== What to produce ==
Only the pictures are to be left out; the listing itself is repeated exactly.

== Dataset extract ==
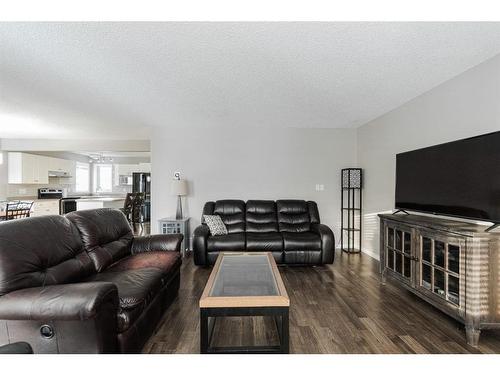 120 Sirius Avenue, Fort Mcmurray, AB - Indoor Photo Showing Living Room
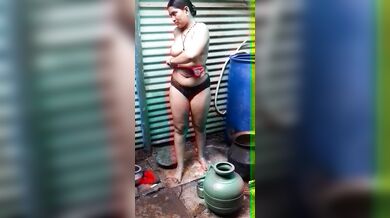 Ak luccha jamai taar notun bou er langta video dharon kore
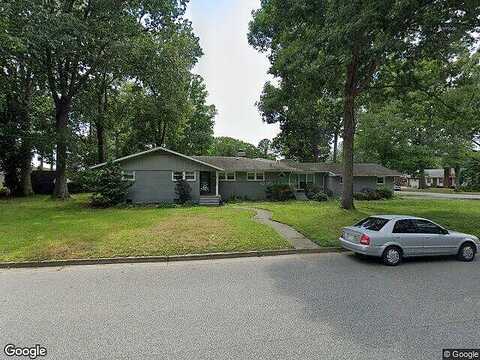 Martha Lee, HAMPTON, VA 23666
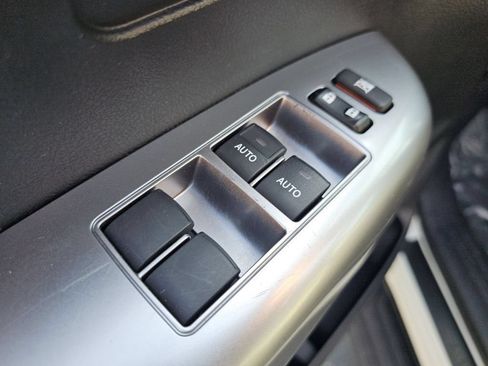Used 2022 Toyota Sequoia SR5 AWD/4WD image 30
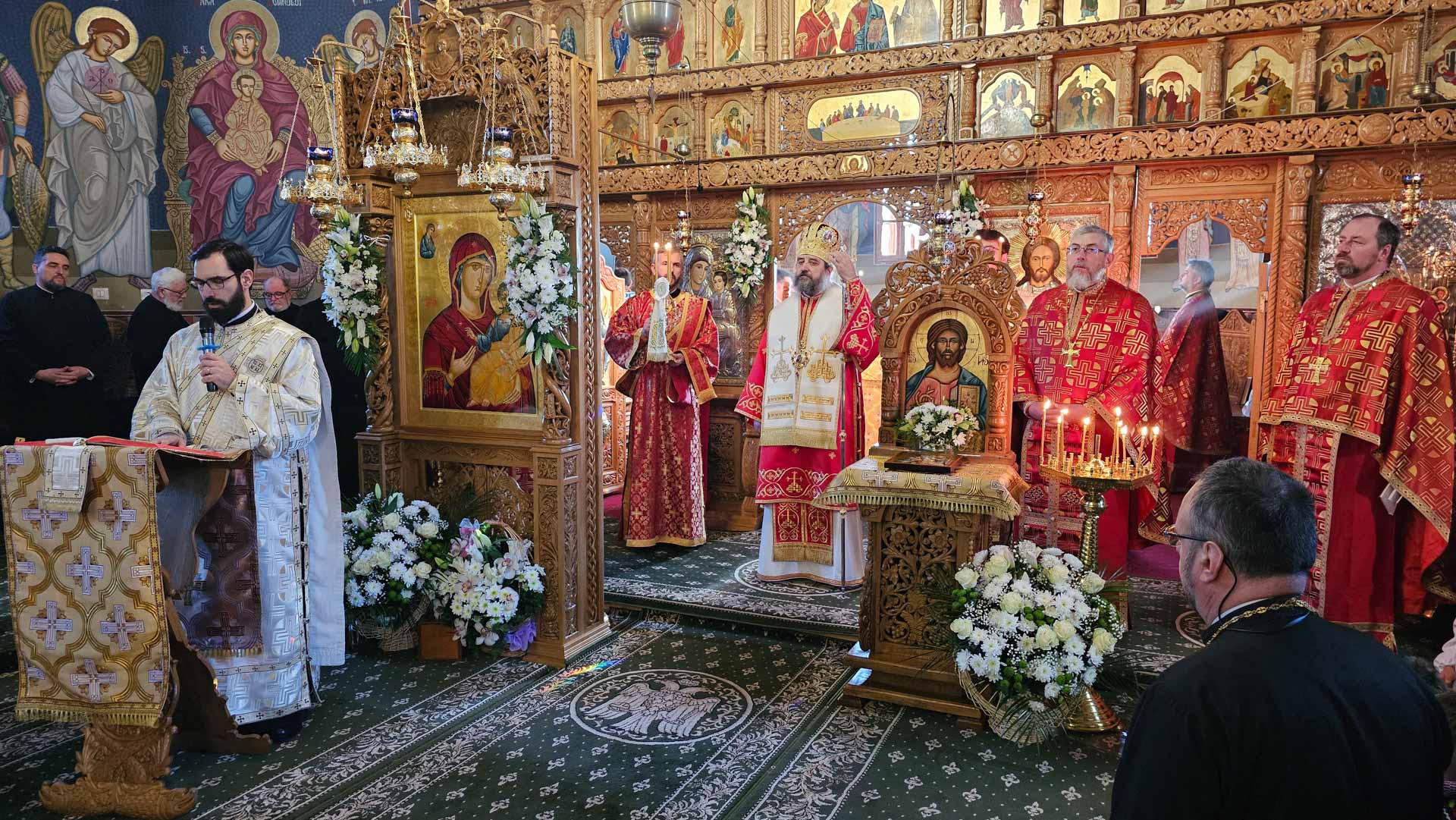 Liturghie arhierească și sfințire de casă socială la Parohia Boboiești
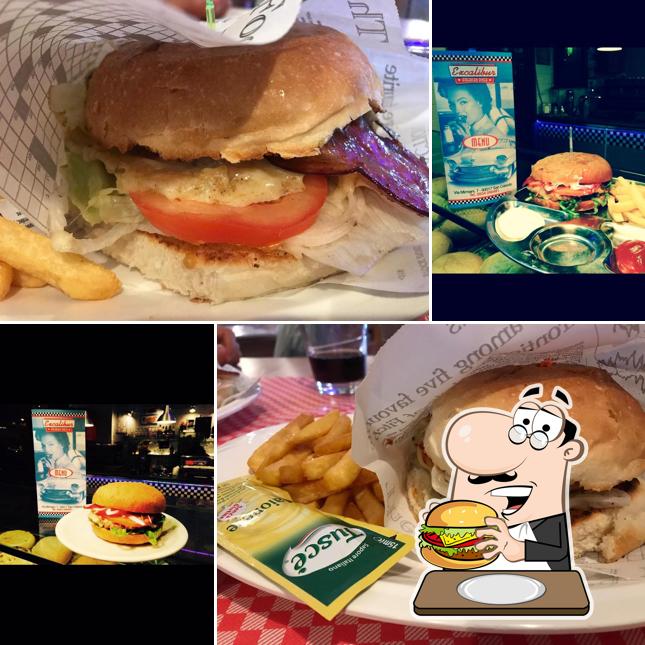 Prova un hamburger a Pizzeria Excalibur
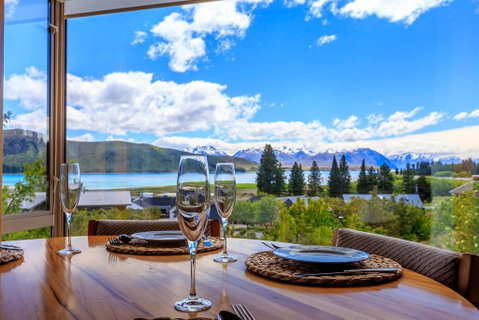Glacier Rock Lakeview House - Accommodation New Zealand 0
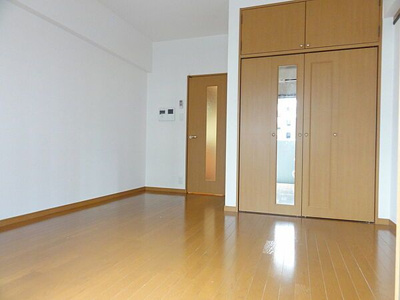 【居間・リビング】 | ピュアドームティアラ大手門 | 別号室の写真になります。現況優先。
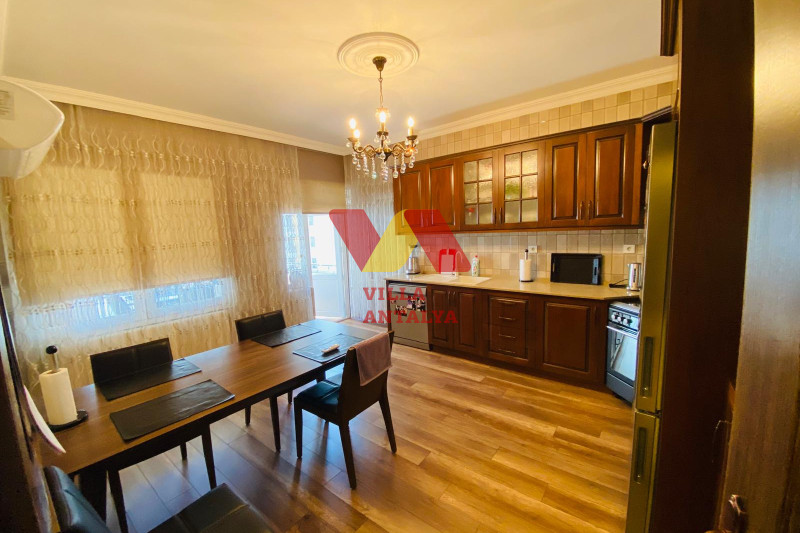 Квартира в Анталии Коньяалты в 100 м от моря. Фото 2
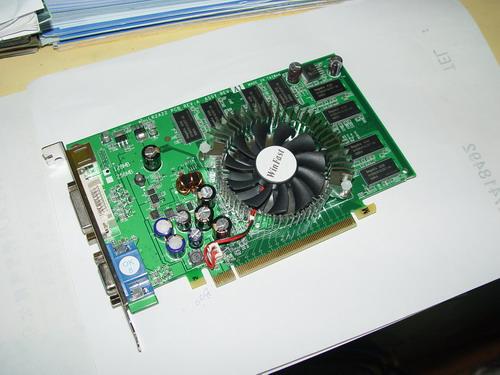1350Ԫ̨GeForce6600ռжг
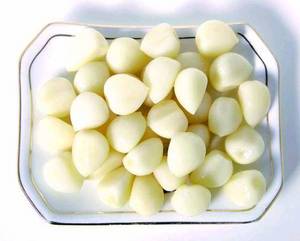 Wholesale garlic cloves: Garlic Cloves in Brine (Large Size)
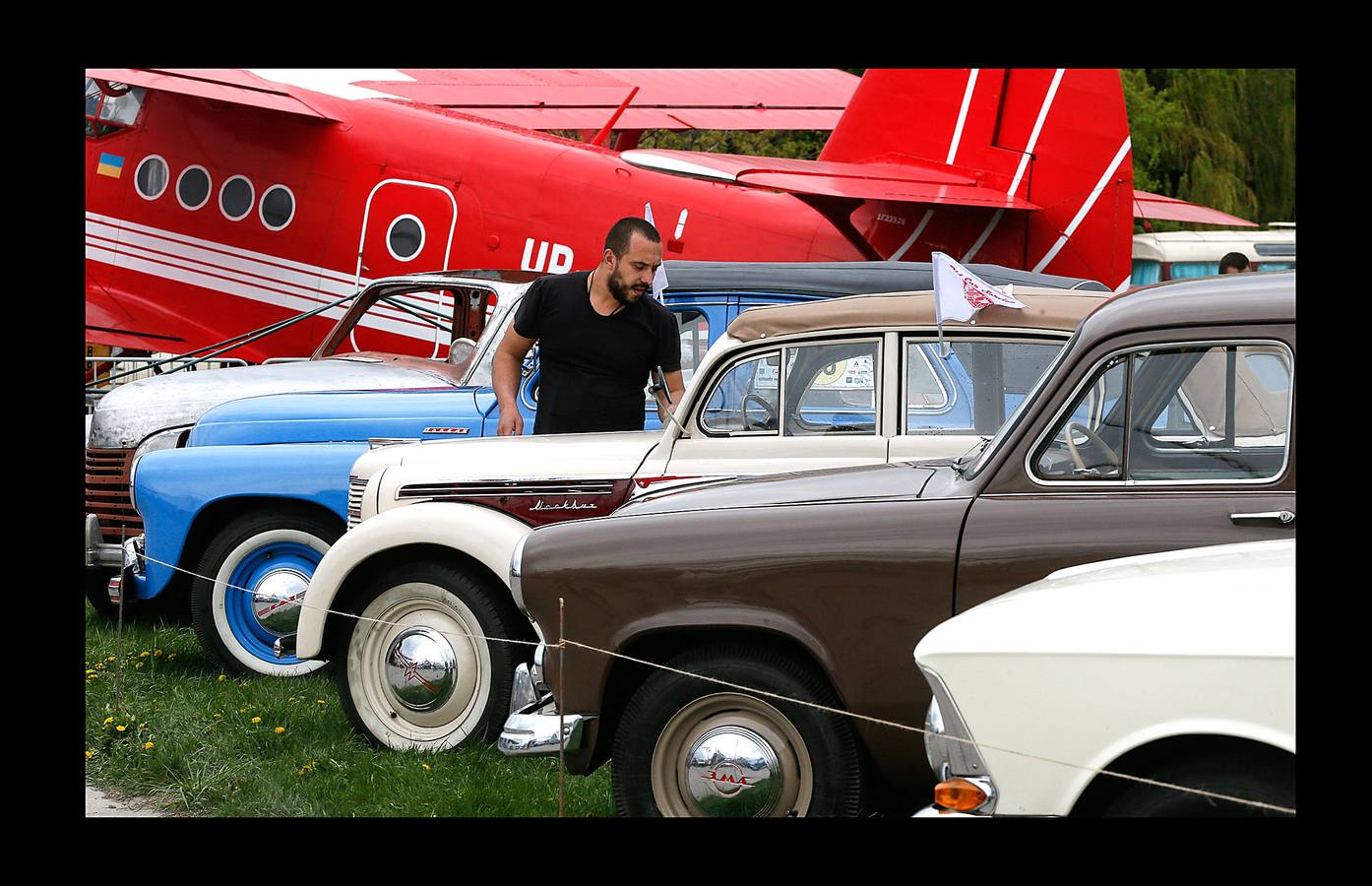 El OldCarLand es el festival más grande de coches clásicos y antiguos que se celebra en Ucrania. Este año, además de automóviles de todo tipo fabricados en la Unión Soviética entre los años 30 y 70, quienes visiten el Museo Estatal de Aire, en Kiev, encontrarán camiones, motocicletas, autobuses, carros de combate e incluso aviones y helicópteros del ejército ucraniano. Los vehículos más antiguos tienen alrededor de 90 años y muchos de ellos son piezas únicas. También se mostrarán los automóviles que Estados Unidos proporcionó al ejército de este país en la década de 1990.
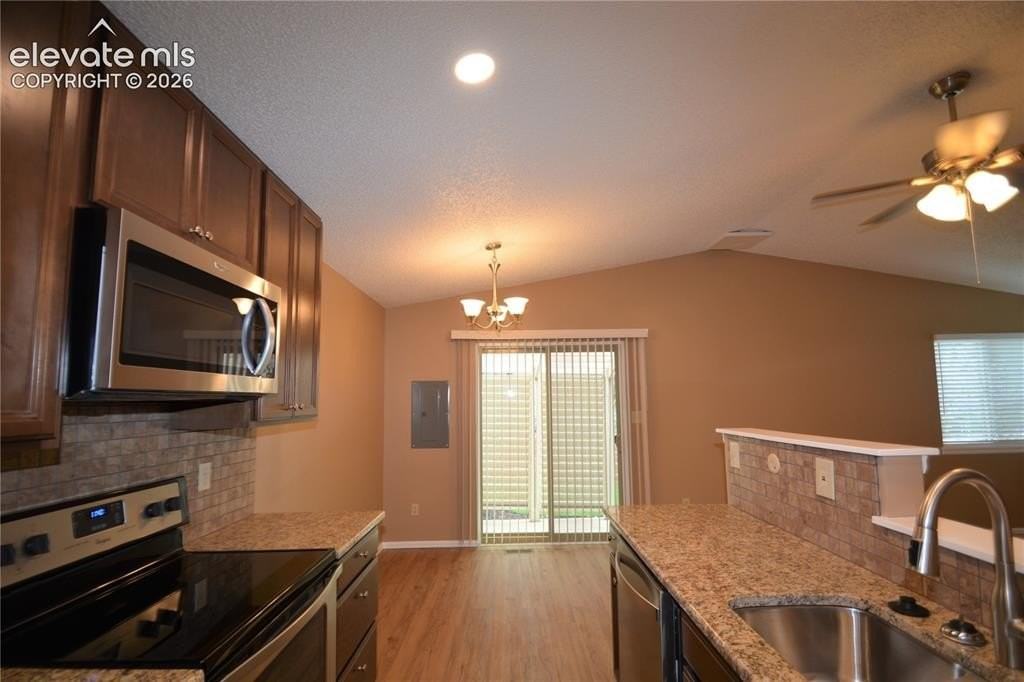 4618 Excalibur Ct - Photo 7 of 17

== Task response ==
 120 Sirius Avenue, Fort Mcmurray, AB - Indoor Photo Showing Living Room
 Ak luccha jamai taar notun bou er langta video dharon kore
 Martha Lee, HAMPTON, VA 23666
Used 2022 Toyota Sequoia SR5 AWD/4WD image 30
 Liturghie arhierească și sfințire de casă socială la Parohia Boboiești
 Prova un hamburger a Pizzeria Excalibur
Glacier Rock Lakeview House - Accommodation New Zealand 0
 【居間・リビング】 | ピュアドームティアラ大手門 | 別号室の写真になります。現況優先。
 Квартира в Анталии Коньяалты в 100 м от моря. Фото 2
1350Ԫ̨GeForce6600ռжг
 Wholesale garlic cloves: Garlic Cloves in Brine (Large Size)
 El OldCarLand es el festival más grande de coches clásicos y antiguos que se celebra en Ucrania. Este año, además de automóviles de todo tipo fabricados en la Unión Soviética entre los años 30 y 70, quienes visiten el Museo Estatal de Aire, en Kiev, encontrarán camiones, motocicletas, autobuses, carros de combate e incluso aviones y helicópteros del ejército ucraniano. Los vehículos más antiguos tienen alrededor de 90 años y muchos de ellos son piezas únicas. También se mostrarán los automóviles que Estados Unidos proporcionó al ejército de este país en la década de 1990.
 4618 Excalibur Ct - Photo 7 of 17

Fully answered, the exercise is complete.